The first round of oral arguments will take place on February 18, when India will argue from 10 am to 1 pm. Pakistan will put forth their first round arguments on February 19, from 10 am to 1 pm.

Kulbhushan Jadhav, 47, was sentenced to death by a Pakistani military court on spying charges in April 2017. India moved the ICJ in May the same year against the verdict. The world court has halted Jadhav’s execution on India’s appeal pending the final verdict by it.

Both India and Pakistan have already submitted their detailed pleas and responses in the world court.
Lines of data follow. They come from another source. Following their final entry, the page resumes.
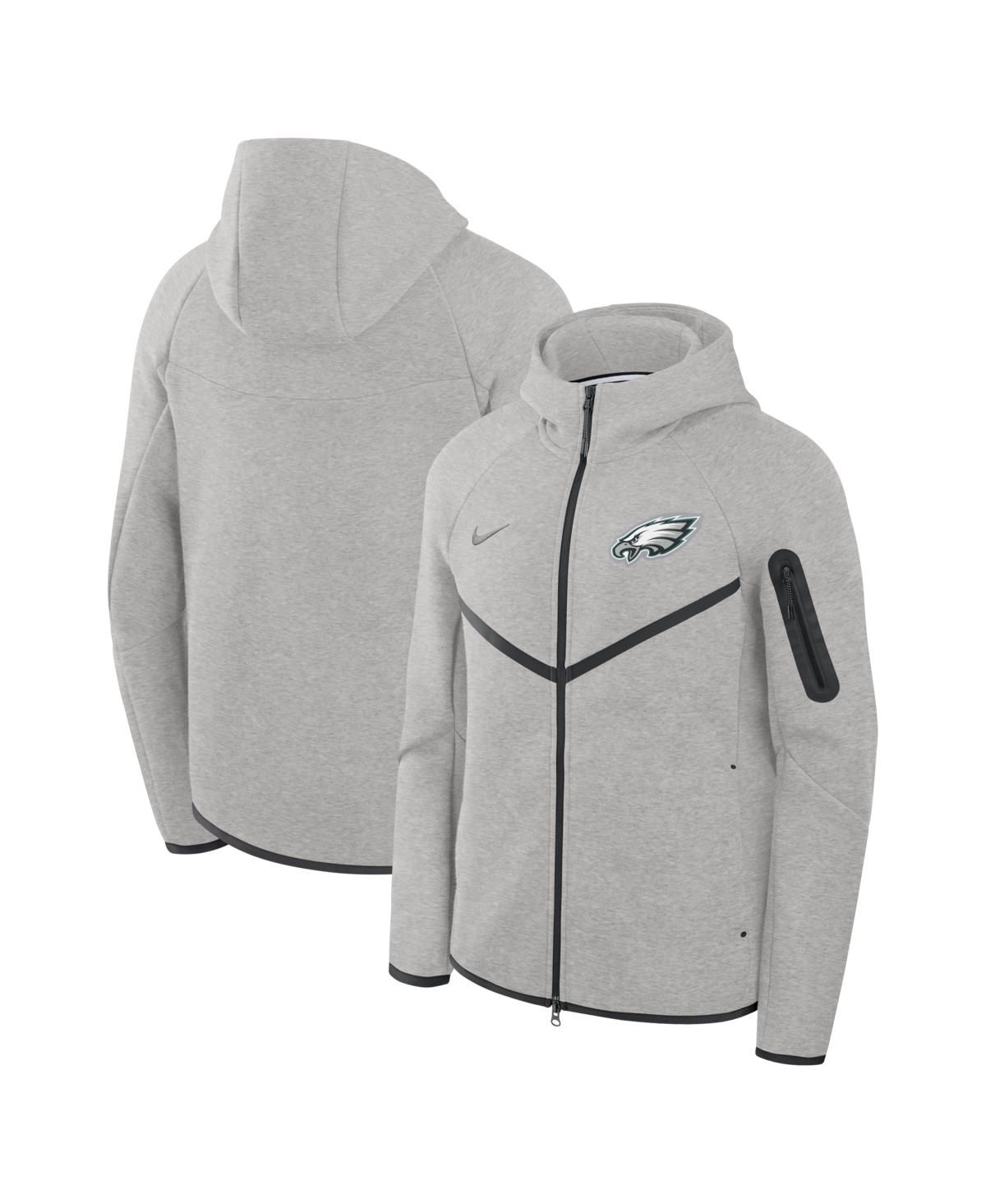 Мужская толстовка с капюшоном Windrunner Heather Grey Philadelphia Eagles Tech из флиса на молнии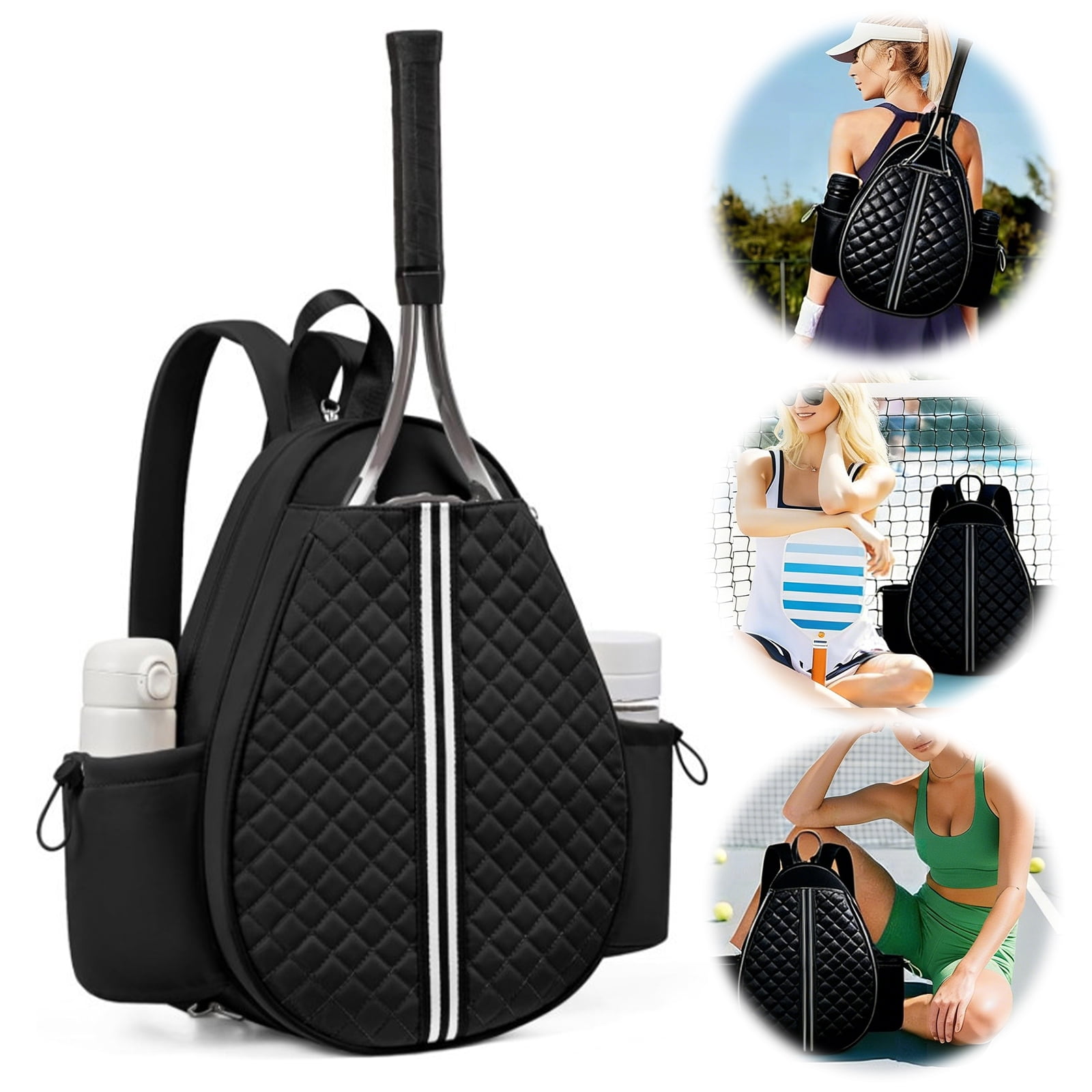Yucurem Tennis Bag with Bottle Pockets, Quilted Tennis Sling Crossbody Backpack, Sport Storage Bag Suitable for Pickleball Badminton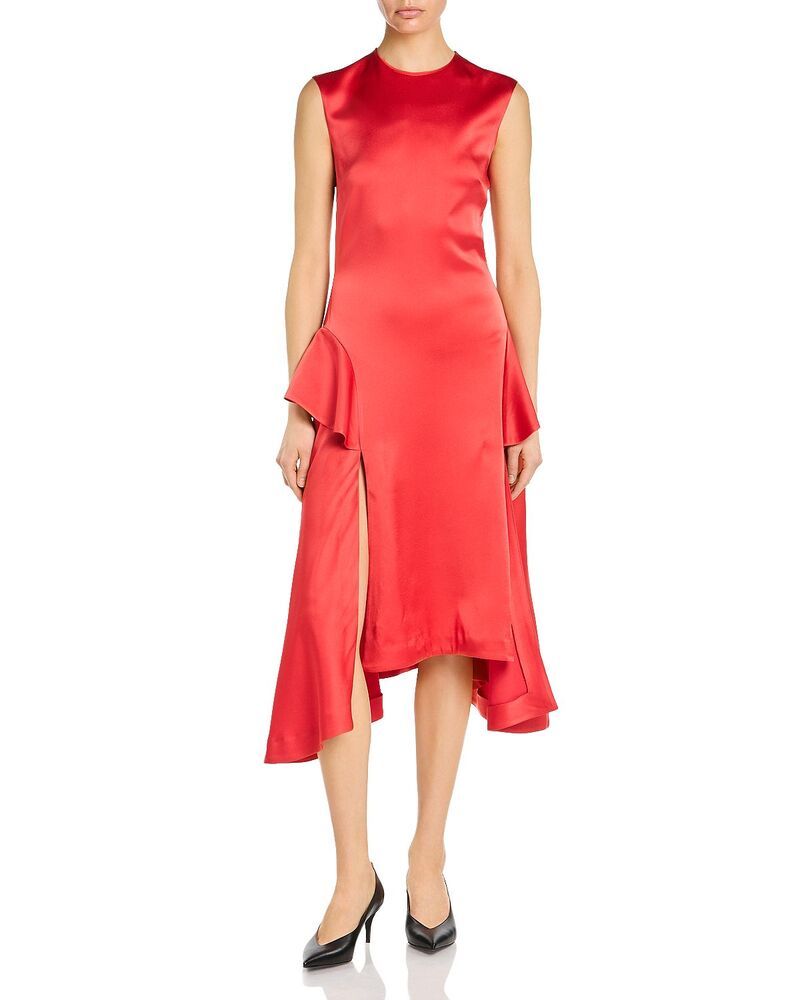 ステラマッカートニー レディース トップス ワンピース ミディ サテン Stella McCartney Satin Midi Dress Tomato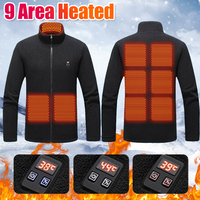 9 Heated Area Intelligent Heating Coat USB Charging Heated Jacket Waterproof Heated Sweater 3 Gear Temperature for Hiking Skiing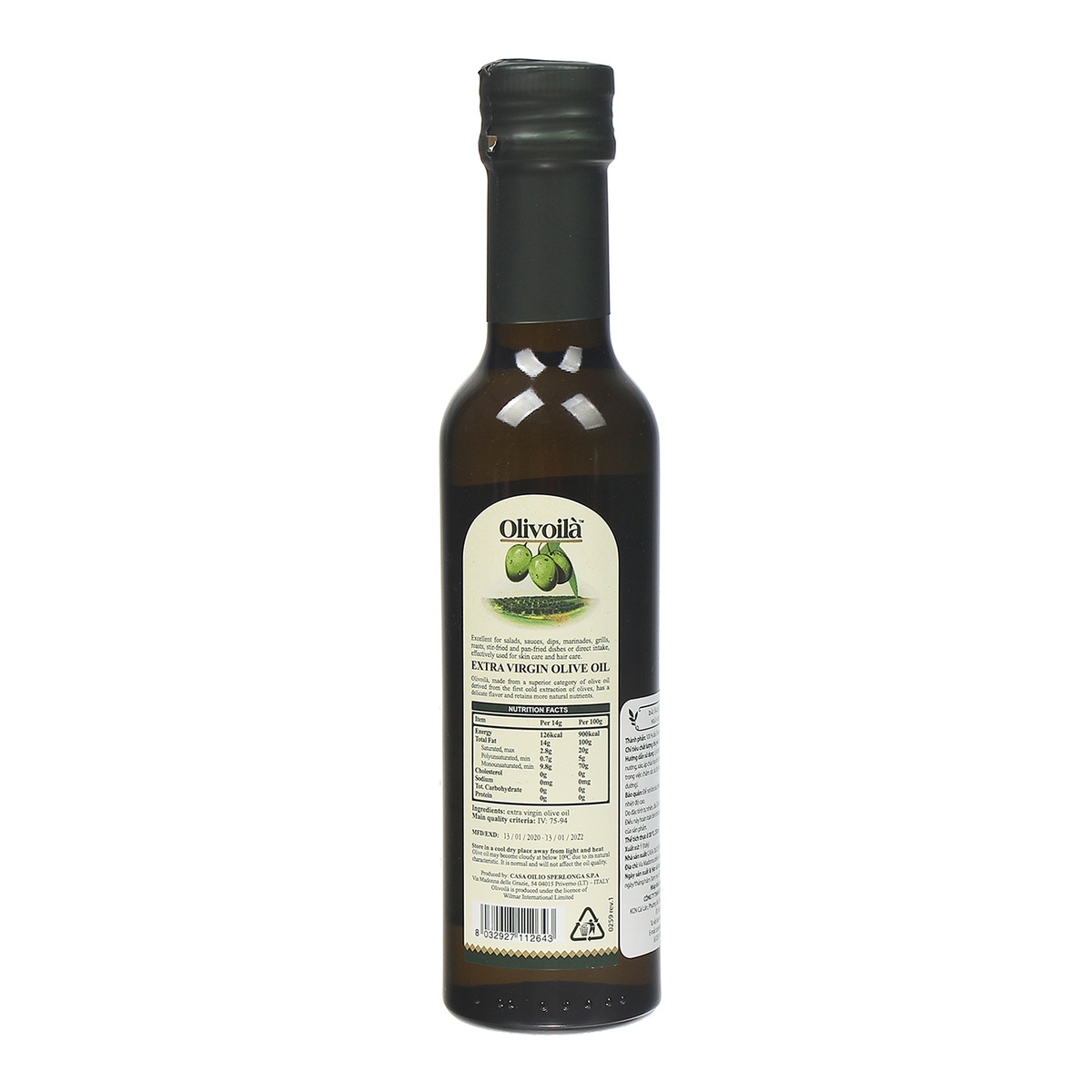 Dầu ăn olive Extra Virgin Olivoila 250ml  - mặt phải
Kulbhushan Jadhav’s sentencing had evoked a sharp reaction in India. India had approached the ICJ for “egregious” violation of the provisions of the Vienna Convention on Consular Relations, 1963, by Pakistan in Jadhav’s case.

Pakistan claims that its security forces arrested Kulbhsuhan Jadhav from restive Balochistan province on March 3, 2016 after he reportedly entered from Iran.

However, India has rejected Pakistan’s contention that Jadhav was involved in espionage and subversive activities and said that he was kidnapped by Pakistani intelligence operatives from the Iranian port of Chabahar, where he was running a business.

India, in its pleadings, had accused Pakistan of violating the Vienna Convention by not giving consular access to Jadhav arguing that the convention did not say that such access would not be available to an individual arrested on espionage charges.